Now that we have all necessary data from multiple observational sources and also from several climate models, we can evaluate the spatial extent of fires and floods and the intensity of each event around each facility. We take all available records to assess the frequency and amplitude of hazards.

 

The core building block of the risk assessment is the classic Generalized Extreme Value model (GEV). By the way, this methodology is also used for insurance and credit risk modeling. The difference is that we don’t apply Monte Carlo (stochastic resampling) to evaluate rare and extreme events: we calculate the GEVs directly from the data. We can do it without Monte Carlo: because we repopulate the raw data sample with abundant climate model time series.

 

Imagine you don’t just use 50 years of observations but also millions of model-derived data points. Then you can calculate the probability of high impact events. 

 

The frequency of extreme events is described by their return period and amplitude. Probability (or likelihood) is the inverse of the return period. Rare, high-impact events have long return periods and low probabilities. 

 

Frequent events (small anomalies) may occur every other year; they have short return periods and high probabilities. For example, if on average a flood event happens once every 10 years, the annual probability of this event is 10%. Figure 1 demonstrates four GEVs for 4 risk levels: moderate, high, severe and extreme. You can see that it is much like the classic Risk Matrix: with intensity on Y-axis and probability on the second axis. 

 

Each curve on Figure 1 represents the function that describes the behavior of rainfall anomalies at some location. It begins with frequent, smaller anomalies that have low impact but high probability (left-hand part of the curve).
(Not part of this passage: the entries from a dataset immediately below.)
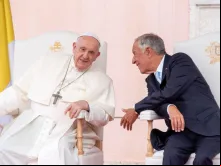 Papa Francisco com o presidente de Portugal, Marcelo Rebelo de Sousa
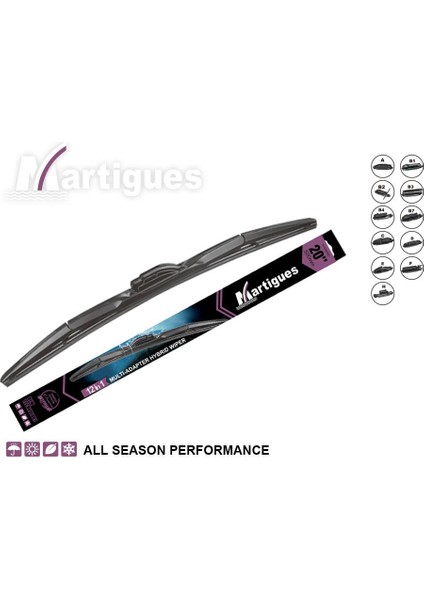 Silecek Süpürgesi 430 mm Hybrıd (11 Aparatlı)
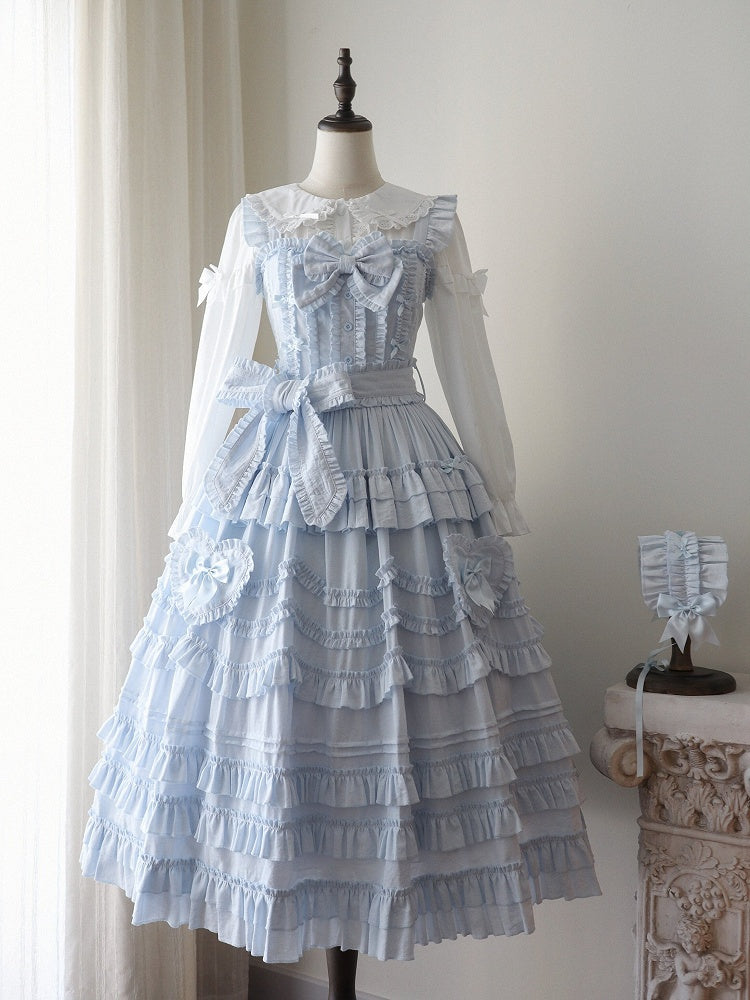 Ruffle Hairband Only / + with Bow Elegant Lolita Dress JSK Belt Multi-Layer Blue Detail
These curves tell us, for example, that once every 25 years rainfall may reach 150 - 300 mm/day, depending on the location, and once every 100 years it may reach 200 - 500 mm/day, and once every 200 years it may reach 600 mm/day for one of these locations. This kind of information is critical for urban drainage system design, flood defense construction, and hydropower security planning. 

 

High-risk events are exceptional. They happen rarely, which means they have a low likelihood of occurring, but when they do, they cause major impact. In contrast, events that occur frequently (every day or every year) have a high likelihood but low impact. These are low-risk events.

 

 Important to note here : low probability does not mean low risk!

 


 

Figure 1. Example of GEV curves for four locations with different risk levels: moderate, high, severe, and extreme. Y-axis: normalized anomaly (amplitude). X-axis: annual probability.

Locations with low risk are outside the scope of GEV: there are no extreme values.